> INSTRUCTIONS TO FOLLOW: Copy exactly the lines of the data below that run from the line holding "Reebok - Skinny" through the line holding "A Perforated Concrete", both ends included.
* * * * *
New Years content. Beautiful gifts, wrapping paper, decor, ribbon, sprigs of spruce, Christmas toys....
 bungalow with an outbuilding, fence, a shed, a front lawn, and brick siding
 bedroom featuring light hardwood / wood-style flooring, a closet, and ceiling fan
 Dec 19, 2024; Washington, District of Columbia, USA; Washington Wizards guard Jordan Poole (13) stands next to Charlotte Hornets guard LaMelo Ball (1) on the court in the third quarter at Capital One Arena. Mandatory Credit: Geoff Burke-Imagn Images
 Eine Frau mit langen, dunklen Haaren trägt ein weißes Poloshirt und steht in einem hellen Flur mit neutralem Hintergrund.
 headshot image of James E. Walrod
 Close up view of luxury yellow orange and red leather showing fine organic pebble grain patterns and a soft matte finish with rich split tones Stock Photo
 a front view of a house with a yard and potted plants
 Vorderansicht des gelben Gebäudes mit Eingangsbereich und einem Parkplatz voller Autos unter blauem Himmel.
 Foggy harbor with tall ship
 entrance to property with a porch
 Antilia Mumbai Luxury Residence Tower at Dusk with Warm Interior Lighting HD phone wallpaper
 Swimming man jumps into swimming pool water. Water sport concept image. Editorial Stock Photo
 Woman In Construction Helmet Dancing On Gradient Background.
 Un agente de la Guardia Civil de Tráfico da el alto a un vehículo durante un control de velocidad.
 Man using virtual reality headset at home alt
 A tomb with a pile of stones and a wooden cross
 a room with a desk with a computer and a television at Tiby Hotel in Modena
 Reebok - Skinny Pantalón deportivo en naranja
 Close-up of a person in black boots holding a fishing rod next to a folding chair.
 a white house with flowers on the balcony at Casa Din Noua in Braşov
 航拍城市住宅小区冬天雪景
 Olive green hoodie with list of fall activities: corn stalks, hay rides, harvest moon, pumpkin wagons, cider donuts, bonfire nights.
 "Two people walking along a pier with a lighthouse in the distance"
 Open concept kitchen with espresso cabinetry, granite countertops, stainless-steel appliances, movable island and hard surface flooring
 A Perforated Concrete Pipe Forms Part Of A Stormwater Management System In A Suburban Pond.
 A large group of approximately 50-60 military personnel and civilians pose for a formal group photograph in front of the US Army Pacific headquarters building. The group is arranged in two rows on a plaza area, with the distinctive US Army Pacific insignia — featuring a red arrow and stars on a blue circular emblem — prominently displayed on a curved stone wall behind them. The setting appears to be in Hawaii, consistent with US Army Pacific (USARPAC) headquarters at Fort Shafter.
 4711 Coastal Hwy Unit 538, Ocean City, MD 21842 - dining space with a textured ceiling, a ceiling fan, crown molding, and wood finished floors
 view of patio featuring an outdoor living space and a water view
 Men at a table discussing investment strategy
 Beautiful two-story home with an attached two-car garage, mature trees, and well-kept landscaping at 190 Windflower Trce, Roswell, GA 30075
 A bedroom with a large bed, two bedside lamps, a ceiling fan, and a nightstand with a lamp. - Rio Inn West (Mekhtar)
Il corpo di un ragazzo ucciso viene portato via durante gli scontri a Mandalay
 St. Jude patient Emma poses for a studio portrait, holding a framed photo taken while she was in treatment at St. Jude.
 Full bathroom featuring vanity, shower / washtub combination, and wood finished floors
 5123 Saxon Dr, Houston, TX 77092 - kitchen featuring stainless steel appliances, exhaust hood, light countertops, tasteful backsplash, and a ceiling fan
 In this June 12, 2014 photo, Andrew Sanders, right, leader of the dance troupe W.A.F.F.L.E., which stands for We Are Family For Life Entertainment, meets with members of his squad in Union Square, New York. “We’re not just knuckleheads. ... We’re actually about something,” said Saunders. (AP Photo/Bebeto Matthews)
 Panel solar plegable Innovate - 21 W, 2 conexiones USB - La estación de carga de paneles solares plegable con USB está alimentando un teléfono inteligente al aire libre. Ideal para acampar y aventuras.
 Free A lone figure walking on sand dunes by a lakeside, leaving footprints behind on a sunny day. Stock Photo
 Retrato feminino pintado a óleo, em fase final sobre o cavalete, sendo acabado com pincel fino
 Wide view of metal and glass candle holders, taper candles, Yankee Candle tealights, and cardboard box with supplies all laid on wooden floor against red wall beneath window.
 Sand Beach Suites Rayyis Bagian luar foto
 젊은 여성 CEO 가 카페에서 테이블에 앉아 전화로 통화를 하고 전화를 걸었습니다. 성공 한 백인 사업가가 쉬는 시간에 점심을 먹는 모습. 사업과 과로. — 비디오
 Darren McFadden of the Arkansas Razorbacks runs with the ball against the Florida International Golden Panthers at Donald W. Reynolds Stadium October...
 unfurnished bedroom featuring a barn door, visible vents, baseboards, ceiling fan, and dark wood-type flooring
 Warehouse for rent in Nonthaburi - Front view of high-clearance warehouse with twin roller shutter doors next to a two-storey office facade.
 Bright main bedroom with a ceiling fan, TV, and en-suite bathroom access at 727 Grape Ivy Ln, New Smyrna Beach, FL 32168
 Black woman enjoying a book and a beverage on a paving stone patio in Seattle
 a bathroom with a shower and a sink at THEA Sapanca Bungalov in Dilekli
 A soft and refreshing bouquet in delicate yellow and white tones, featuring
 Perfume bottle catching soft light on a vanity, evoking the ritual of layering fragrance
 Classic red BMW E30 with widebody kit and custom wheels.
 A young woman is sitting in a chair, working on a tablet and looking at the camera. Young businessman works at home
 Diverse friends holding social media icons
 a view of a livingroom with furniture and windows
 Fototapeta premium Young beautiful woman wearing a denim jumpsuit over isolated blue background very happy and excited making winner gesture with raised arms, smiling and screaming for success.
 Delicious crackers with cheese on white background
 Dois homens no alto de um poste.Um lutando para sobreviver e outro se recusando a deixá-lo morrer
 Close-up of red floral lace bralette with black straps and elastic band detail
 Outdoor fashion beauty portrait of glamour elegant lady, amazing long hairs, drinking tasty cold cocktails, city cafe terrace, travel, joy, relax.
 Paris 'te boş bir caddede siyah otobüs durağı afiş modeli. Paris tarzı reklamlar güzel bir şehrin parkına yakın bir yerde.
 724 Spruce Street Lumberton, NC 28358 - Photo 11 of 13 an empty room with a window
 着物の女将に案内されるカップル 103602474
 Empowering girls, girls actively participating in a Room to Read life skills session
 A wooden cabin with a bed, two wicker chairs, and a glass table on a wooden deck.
* * * * *
> RESULT BELOW:
 Reebok - Skinny Pantalón deportivo en naranja
 Close-up of a person in black boots holding a fishing rod next to a folding chair.
 a white house with flowers on the balcony at Casa Din Noua in Braşov
 航拍城市住宅小区冬天雪景
 Olive green hoodie with list of fall activities: corn stalks, hay rides, harvest moon, pumpkin wagons, cider donuts, bonfire nights.
 "Two people walking along a pier with a lighthouse in the distance"
 Open concept kitchen with espresso cabinetry, granite countertops, stainless-steel appliances, movable island and hard surface flooring
 A Perforated Concrete Pipe Forms Part Of A Stormwater Management System In A Suburban Pond.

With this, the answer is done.